Re: IANA Language Subtag Values in HTML5 lang Attribute from Jukka K. Korpela on 2013-04-27 (www-validator@w3.org from April 2013)

From: Jukka K. Korpela <jkorpela@cs.tut.fi>
Date: Sat, 27 Apr 2013 23:12:16 +0300
To: Steven Turner <suibhne@cyberscotia.com>
CC: www-validator@w3.org
Message-ID: <517C3120.8050309@cs.tut.fi>

2013-04-26 10:36, Steven Turner wrote:

> In other words, lang="wlm" is indeed valid, and has been for nearly 4
> years now!

Yes, see my answer to a recent question on the same topic:
http://lists.w3.org/Archives/Public/www-validator/2013Apr/0075.html

However, I need to add that for XHTML serialization, XML rules apply, 
and XML 1.0 normatively refers to
“IETF BCP 47
     IETF (Internet Engineering Task Force).
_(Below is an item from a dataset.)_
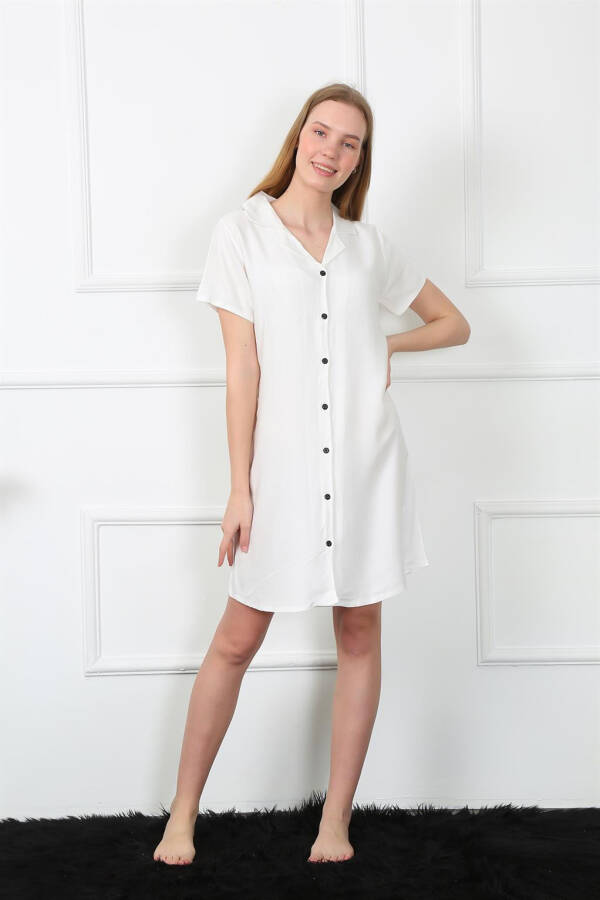 Women's Woven Fabric Buttoned White Tunic Nightgown 1031 - 2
BCP 47, consisting of RFC 
4646: Tags for Identifying Languages, and RFC 4647: Matching of Language 
Tags, A. Phillips, M. Davis. 2006.”
which might be interpreted as referring to a specific version of BCP 47.
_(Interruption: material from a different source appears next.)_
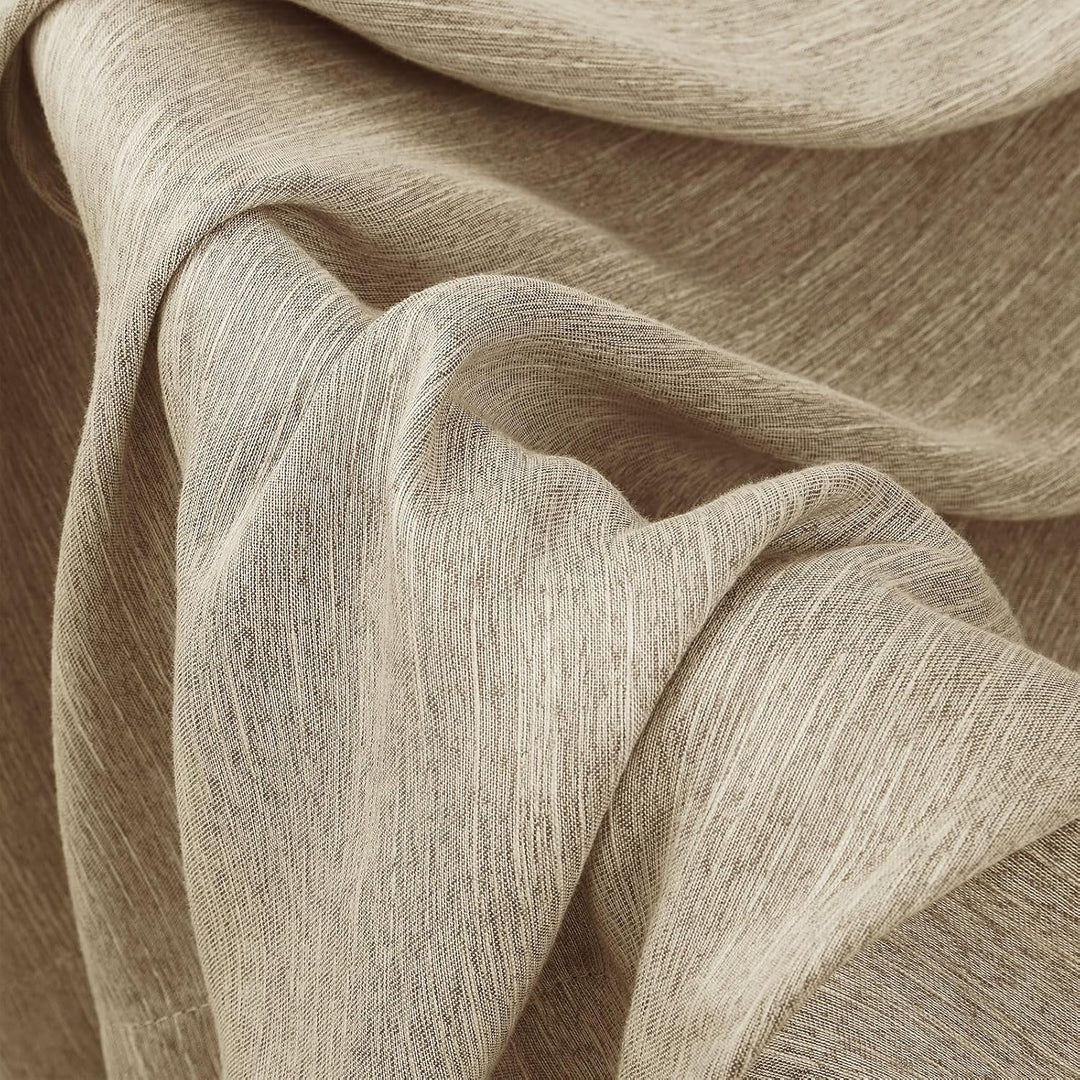 Melodieux Vorhänge Verdunkelung Gardinen Blickdicht Leinenoptik für Wohnzimmer kinderzimmer Schlafzi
The point is that if specifications (or draft specifications) refer to a 
specific version of an external document, they are at risk of becoming 
obsolete when that version becomes obsolete. And on the other hand, by 
referring to generically to the latest BCP or RFC or spec or whatever of 
something, you are passing an open cheque and make the content of your 
spec depend on something external. So a document might conform to your 
spec this morning and fail to conform in the afternoon.

In this issue, there is the additional complexity that HTML and XHTML 
syntax might be interpreted differently. I honestly don’t know what a 
validator should do in a case like this.

> For example, the Validator
> doesn't seem to have a problem with the Irish analogue to my Welsh
> situation above - both Modern Irish (lang="ga") and Middle Irish
> (lang="mga") validate exactly as they should.  Whereas switching the
> lang attribute's value between Modern Cornish ("kw") and Middle Cornish
> ("cnx") gives the same results as with Welsh and Middle Welsh.
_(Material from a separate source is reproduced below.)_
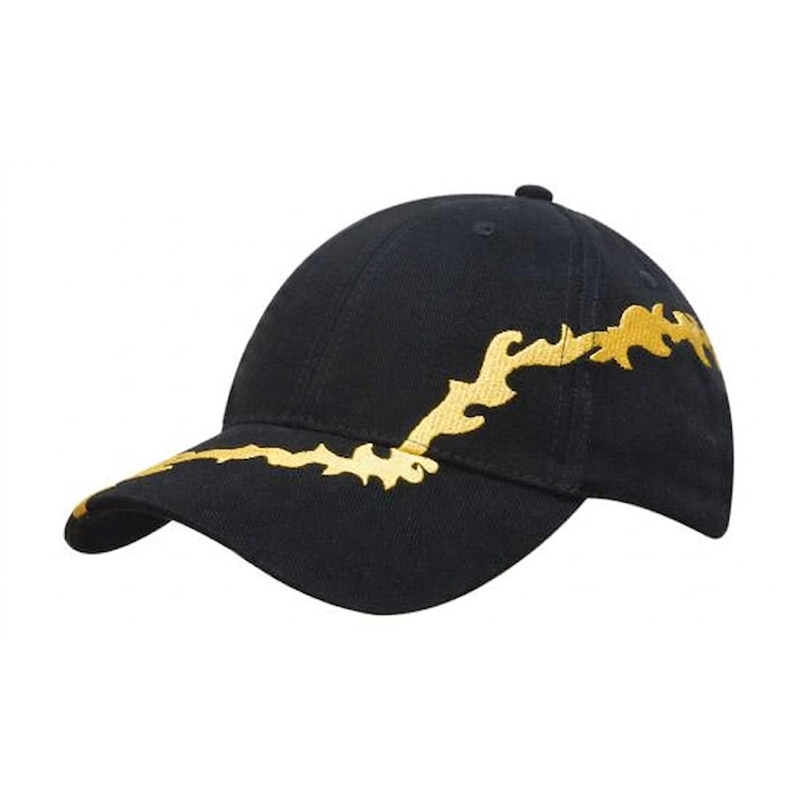 6 Panel Cap with Lightning Bolt Embroidery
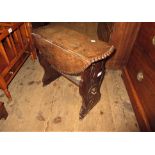 Small early 20th Century oak drop-leaf occasional table with pie crust rim, together with an early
“mga” is defined in ISO 639-2, hence valid by the old version of BCP 47.

> As it currently stands, it's a rather irritating
> wee bug for historical researchers!

I would be very surprised in any web browser or general indexing robot 
or other software that regularly consumes HTML documents paid the least 
attention to attributes like lang="wlm". The few programs that actually 
make use of lang attributes recognize things like lang="en" and 
lang="fr", and maybe lang="sv" and even lang="en-US" if we’re lucky, but 
for most languages, there just isn’t any language-specific processing to 
be triggered. In this sense, the question is rather theoretical.

Yucca

Received on Saturday, 27 April 2013 20:12:41 UTC